Government budget trick: pension bombs

Over 40 states have underfunded pensions for government employees. Instead of setting up reasonable obligations or switching to employee contribution funds like most companies, politicians look for the easy solution first and so they’ve started to fall for financial gimmicks. For readers that do not watch government finances, whenever Wall Street “comes to the rescue” to a government entity, it always ends in a larger and faster bankruptcy with taxpayers owing a lot more money. The latest Wall Street “solution” to underfunded government pensions is called Pension Bonds, and is sold as a “free fix without raising taxes.”

The pension bond method consists of raising money with bonds, say $1-to-10 billion, and placing that money into the pension to reduce its underfunded level. Then, the pension fund will “magically” earn so much more than any investment fund ever has. This new pension money will routinely earn unrealistic profits to not only make the bond payments, but make additional payments to reduce the underfunded amount of the pension. “Everybody wins” is the argument being pitched by the people selling this high-risk and unlikely arbitrage.

Pension bond programs are so likely to fail that the Government Finance Officers Association issued an advisory report warning against pension obligation bonds with 5 grave reasons; https://www.gfoa.org/pension-obligation-bonds But you cannot stop politicians from employing reckless ideas that leave everyone poorer. Local governments (like Houston and Muskegon) have already issued pension bonds. A couple states have jumped in while several are attempting to pass legislation to do it, such as Alaska, Illinois, California, Michigan, and Kansas.

What happens when the unrealistic investment returns do not materialize?

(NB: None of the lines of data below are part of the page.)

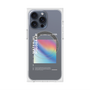 プレミアムスクエアケース with MagSafe［ Square ］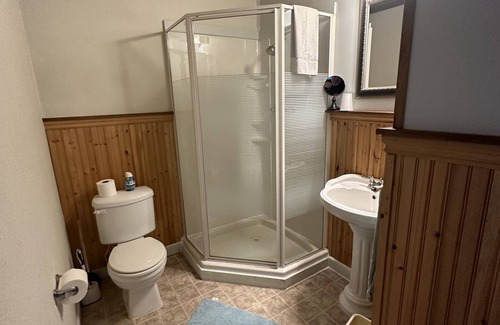 Stewart Hotel | Historic Hotel Bayview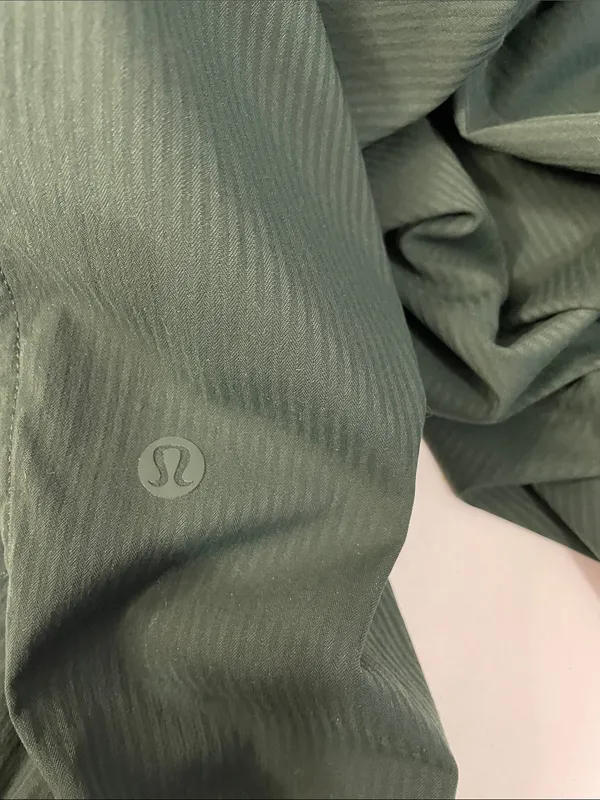 Lululemon Dance Studio Mid-Rise Jogger Full Length Legacy Green - Image 6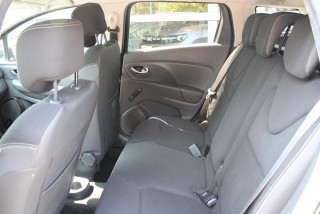 Renault Clio 1.5 dCi Limited 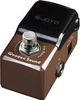 Педаль ефектів Joyo JF-323 Wooden Sound - зображення 3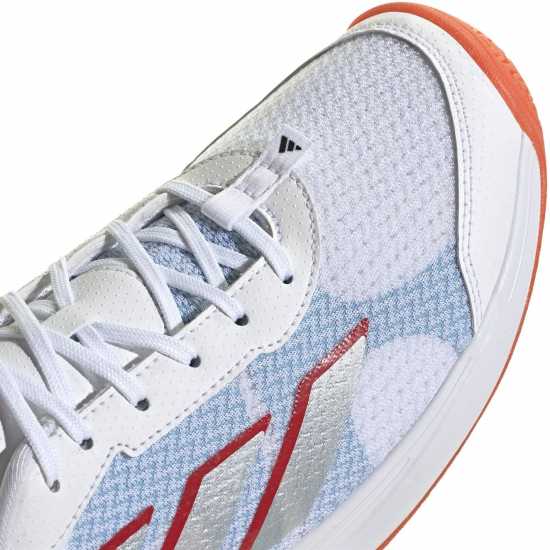 Adidas Мъжки Маратонки За Тенис Avaflash Low Womens Tennis Shoes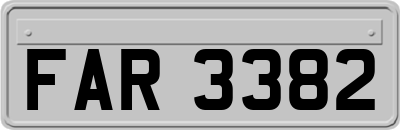 FAR3382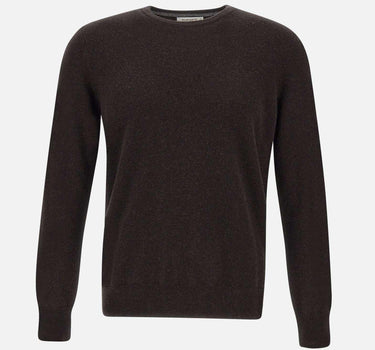 Maglia  in  cashmere e lana 900101 705 KANGRA 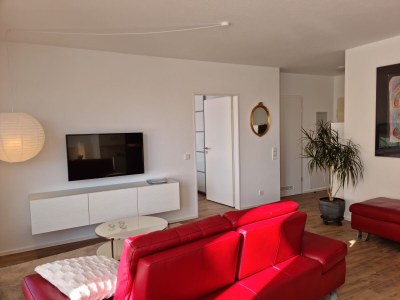 Holiday apartment "Seegarten" - Features photo 14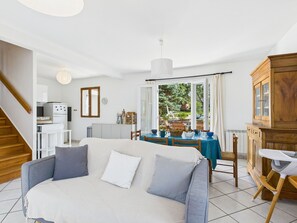 Fernseher, DVD-Player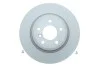 <strong>Диск гальмівний BMW 3 11- ATE 24012002431 (фото 1)</strong>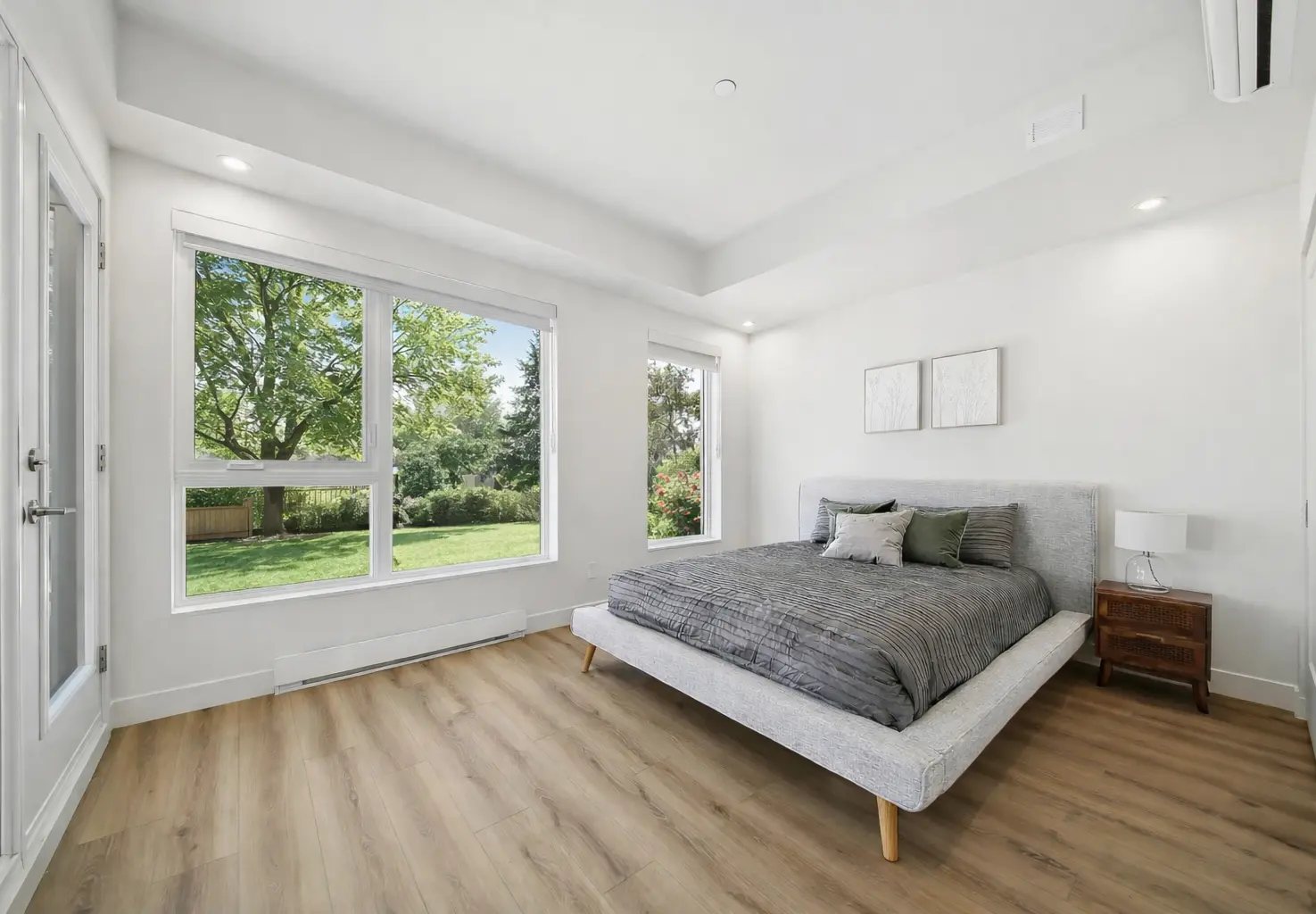 Chambre Principale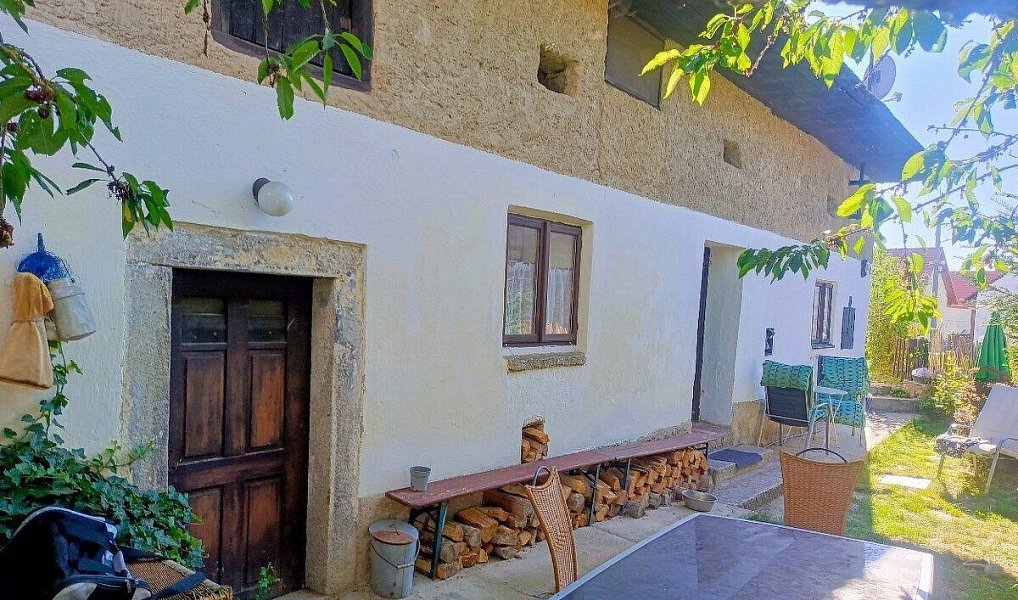Prodej domu 100 m² s pozemkem 259 m², Kadov – náhled fotky 22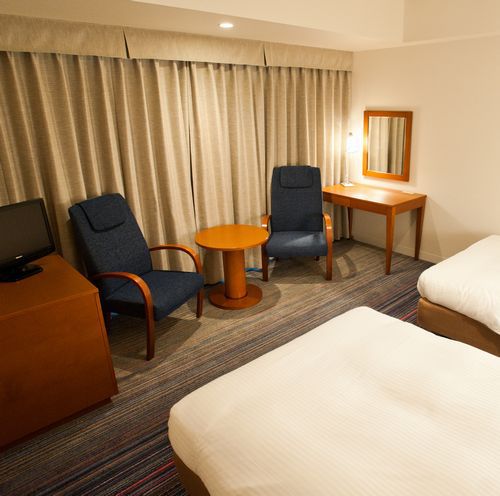 JR Kyushu Station Hotel Kokura 4*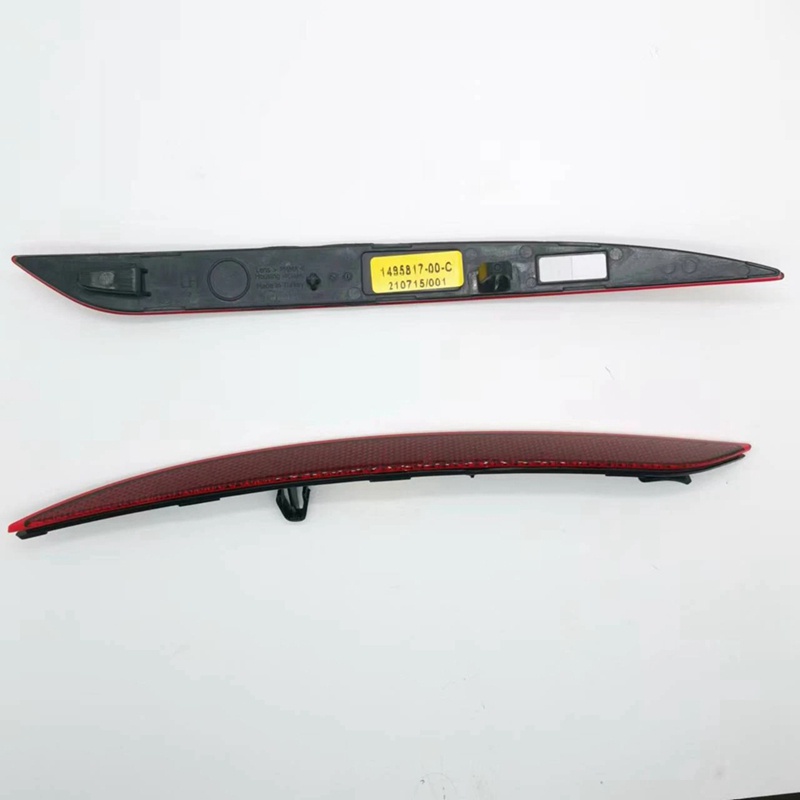 1495817- 00-c 1495818Bộ Đèn Cảnh Báo 00-c Cho tesla model y 2021-2023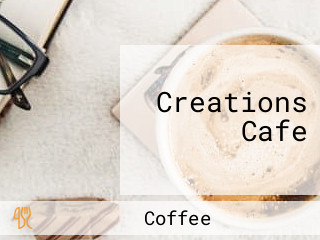 Creations Cafe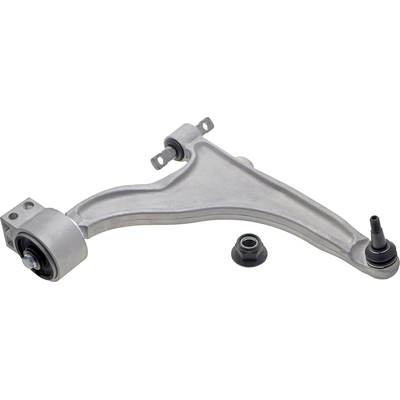 Control Arm With Ball Joint by MEVOTECH ORIGINAL GRADE INTL. - GS501164 pa7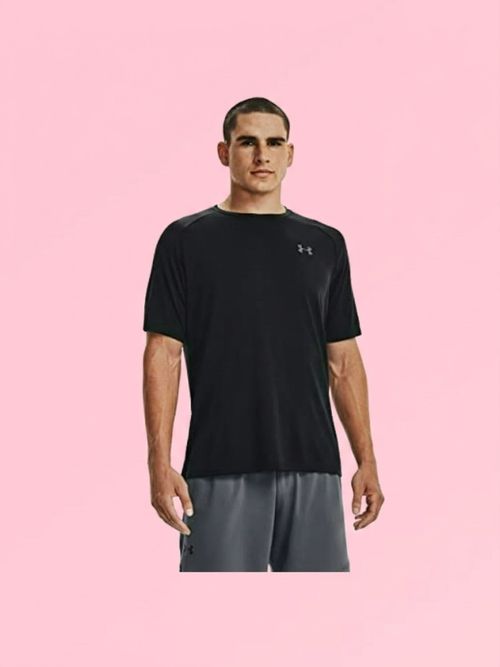 Under Armour Men's Tech 2.0 Short-Sleeve T-Shirt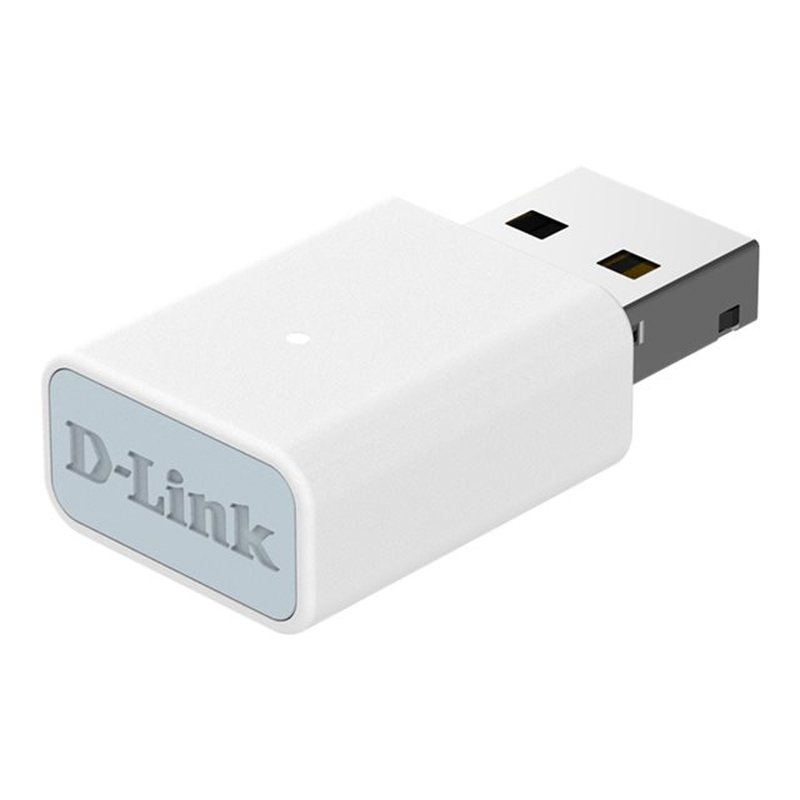 D-Link AC13U adaptador y tarjeta de red WLAN D-Link AC13U adaptador y tarjeta de red WLAN
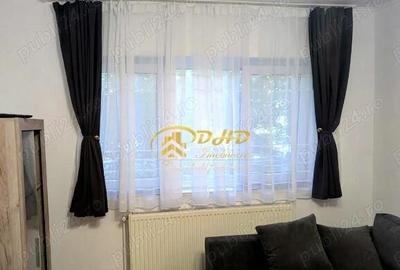 Garsoniera zona Dacia - 2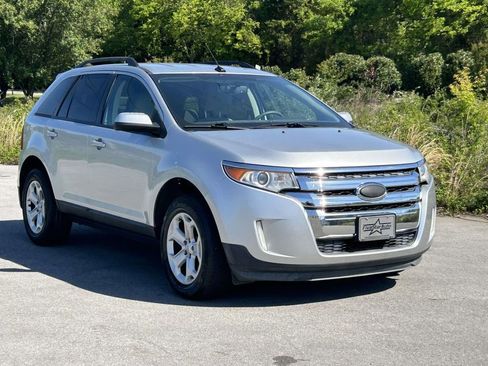 Used 2013 Ford Edge SEL image 1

Hence the term ‘pension bombs.’ The pension defaults on the bonds and the pension’s financial position becomes worse than if they hadn’t rolled the dice on this program. (This is what exacerbated Detroit’s financial position when a complicated Wall Street debt product went against them in 2009; it became a huge additional debt that helped force the city into bankruptcy in 2014). Per usual, the taxpayers end up with higher taxes to fund the mistakes of the politicians and their Wall Street buddies with their latest high-risk gimmick.